Variability vs. forced climate change

One of the trickiest problems in climate science is telling internal variability apart from human-caused climate change. Short-term natural fluctuations can temporarily speed up or slow down long-term warming trends, making it harder to detect the forced signal.

For example, a strong La Niña event can cool global average temperatures for a year or two, which might look like warming has "paused" even though the underlying trend continues. This is why climate scientists focus on trends over 30+ years rather than year-to-year changes.

Several factors make this separation difficult:

• Climate models may not fully capture all the complex feedbacks involved in internal variability, adding uncertainty to projections.
• Long-term, continuous observations are needed to statistically separate natural swings from forced trends, but high-quality climate records are limited in many regions, especially the oceans and polar areas.

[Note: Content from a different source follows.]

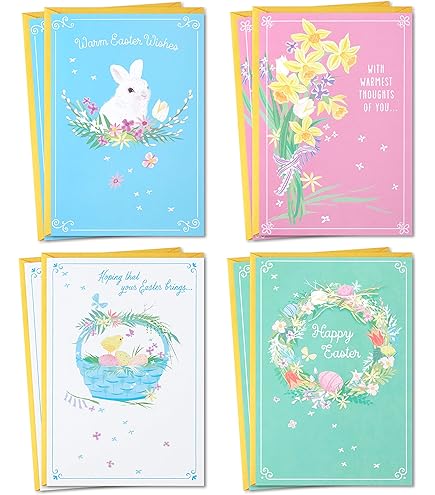 HOWAF 12 Happy Easter Cards Kit With Envelope Stickers,Happy Easter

Despite these challenges, decades of research using multiple independent lines of evidence have confirmed that the warming trend since the mid-20th century cannot be explained by internal variability alone.

Ocean-atmosphere interactions in variability

The ocean is the climate system's largest heat reservoir. It absorbs and stores vastly more heat than the atmosphere, which means it regulates climate on timescales from seasons to centuries. Changes in ocean heat content influence atmospheric circulation and the rate of heat exchange between the ocean surface and the air above it.

Large-scale ocean circulation patterns play a central role. The Atlantic Meridional Overturning Circulation (AMOC), for instance, carries warm surface water northward in the Atlantic and returns cold, dense water southward at depth. Changes in the strength of the AMOC can shift temperature and precipitation patterns across Europe, Africa, and the Americas.

Feedback loops between the ocean and atmosphere can either amplify or dampen variability:

1. The Bjerknes feedback is a classic example of how ocean-atmosphere coupling works during ENSO events. It links trade wind strength to sea surface temperatures in the equatorial Pacific.
2. Positive feedback during El Niño: Weaker trade winds reduce the upwelling of cold deep water in the eastern Pacific, which warms the surface further, which weakens the trade winds even more. The initial warming reinforces itself.
3. Negative feedback during La Niña: Stronger trade winds enhance cold-water upwelling, cooling the surface, which strengthens the trade winds further. The initial cooling reinforces itself.

These feedbacks explain why ENSO events, once they begin, tend to intensify before eventually reversing. The reversal itself involves additional ocean dynamics, including the slow movement of subsurface temperature waves (called Kelvin and Rossby waves) across the Pacific basin.